Monthly Archives: September 2010

Change You Used to Believe In

I suppose it was naïve to have believed in Change, to have let oneself get caught up on Hope. But it had been a tough eight years, and it wasn’t hard to think that our excitement about the cosmetic regime change would also include some real substantive policy changes to follow.

In his final post as a Washington Editor of Harper’s Magazine, Ken Silverstein does a great job of summarizing the huge disappointment that many of us have felt about the Obama presidency:

. . . I moved to Washington in 1993, when a young, new Democratic president replaced George Bush and promised to reform politics and be a transformative leader. Backed by huge majorities in Congress and with public opinion squarely in his corner, he had the opportunity to shake things up and change American politics. Instead, he and his party squandered their chance through timidity, weak leadership, a lack of any original ideas and their refusal to confront special interest groups.

Here we are seventeen years later and there’s a young, new Democratic president who replaced George Bush and promised to reform politics and be a transformative leader.

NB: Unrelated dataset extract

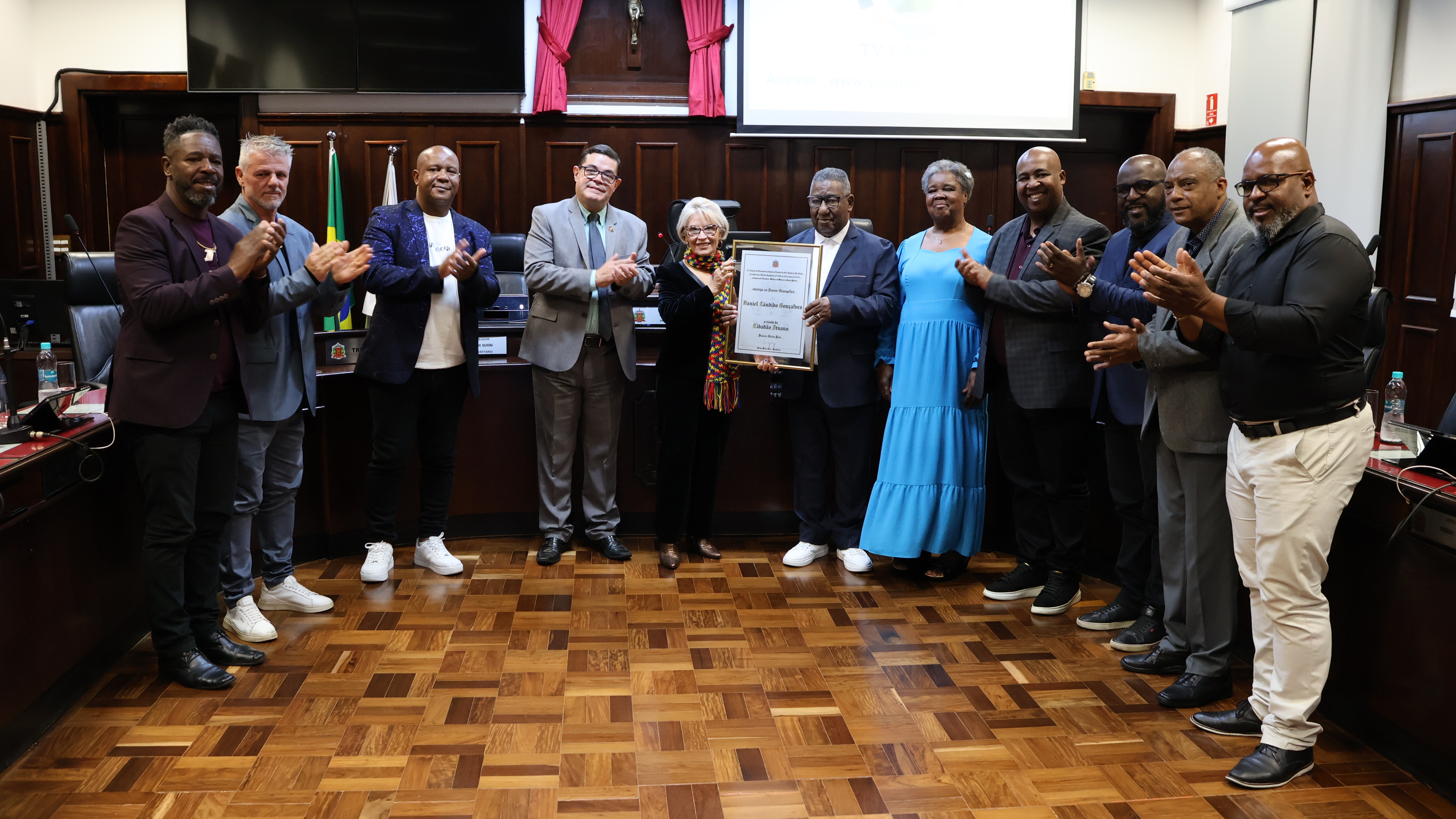 Pastor Daniel Cândido Gonçalves recebe Título de Cidadania Ituana em cerimônia na Câmara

Backed by huge majorities in Congress….

Well, by now you can probably guess where this is heading.

I had low expectations for Obama as I always viewed him as a fairly conventional insider. But by any measure, his presidency has been a huge disappointment. It’s true that Obama inherited a terrible economy, but his policies were timid — which is no surprise given that his economic team was composed almost entirely of the same bankers and Wall Street insiders who paved the way for and profited from our bubble economy. There are now 43.6 million Americans living in poverty and more than 15 million out of work; that’s a scandal, and when there’s a Democrat in the White House and the party has ample majorities in Congress, it’s not credible to blame everything on obstructionism by the Republicans.

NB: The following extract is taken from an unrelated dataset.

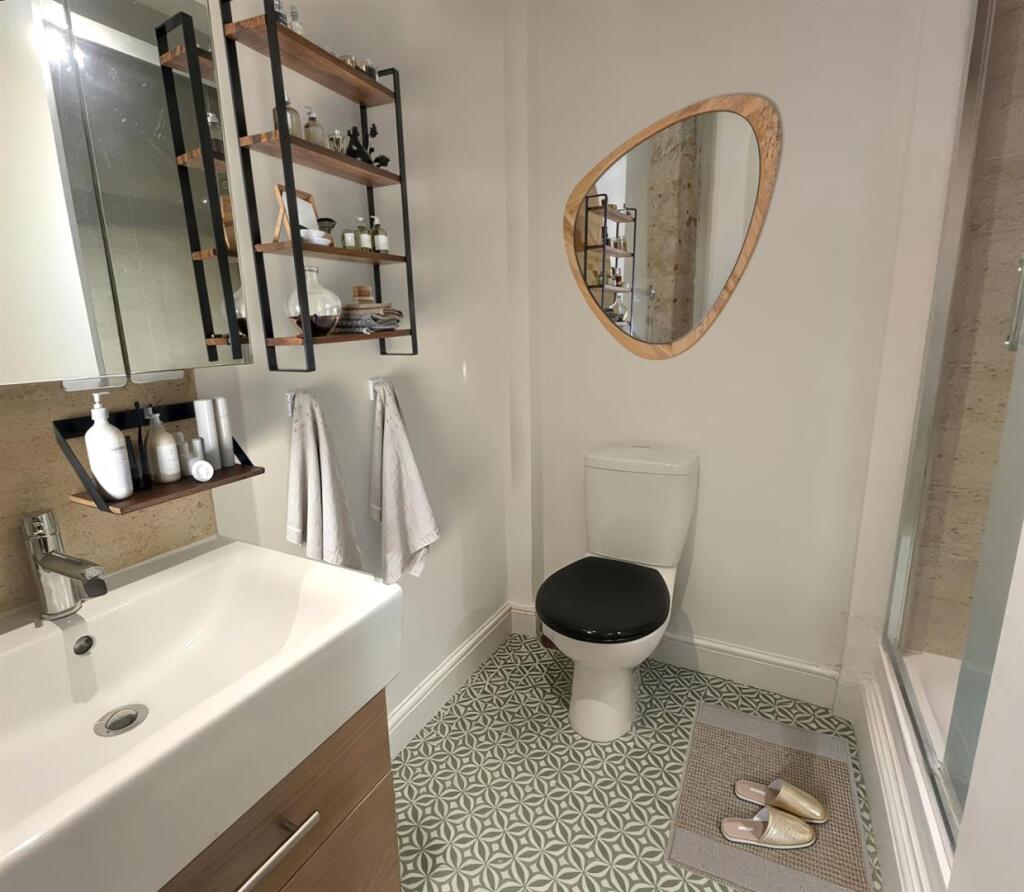 538bs bathroom.jpg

Then there was the health care reform bill, that took more than a year to pass and whose primary beneficiaries were the lobbyists who got paid billions to water it down. The bill does almost nothing to control costs and left the insurance industry in charge of the system. And for that very reason, the industry will be able to contrive loopholes that minimize the impact of the few good measures left in the bill.

Joe Biden and Robert Gibbs have recently been attacking the “left” and saying that it doesn’t appreciate all the great things the administration has done. For my part, I have lived in Washington long enough to have realistic hopes; for example, given political realities, passing a single payer bill was not going to happen. But I also don’t think it’s my job, as a journalist or a citizen, to blindly repeat the mantra of the administration (and its supporters in the blogosphere), that we should “not let the perfect be the enemy of the good.” Fine, but let’s also not treat the administration’s health care plan as a grand achievement. The bill is widely unpopular, and not only because of the hyperbolic attacks on it by Republicans and Fox News. It’s unpopular because it’s a terrible piece of legislation.

The current GOP is truly a scary party, but if not for that it would be impossible to care about the midterm elections. When you’re reduced to rooting for soulless hacks like the current Senate majority leader—and he’s typical of today’s Democrats—you’ve lost something fundamental at the core of your humanity.

Now it appears that the President is fighting back, but instead of fighting for the Change he told us to believe in, he is whining about those who are calling him out for not keeping good on his rhetoric. According to the President, voters shouldn’t judge him by his record but by how bad the alternative would be; aka, vote for me because the other guy is scary.

Unfortunately, Obama, who may speak more coherently than Bush, simply isn’t in a position to make that case. As Glenn Greenwald explains,

President Obama gave an interview to Rolling Stone and actually said this:

The idea that we’ve got a lack of enthusiasm in the Democratic base, that people are sitting on their hands complaining, is just irresponsible. . . . .If we want the kind of country that respects civil rights and civil liberties, we’d better fight in this election.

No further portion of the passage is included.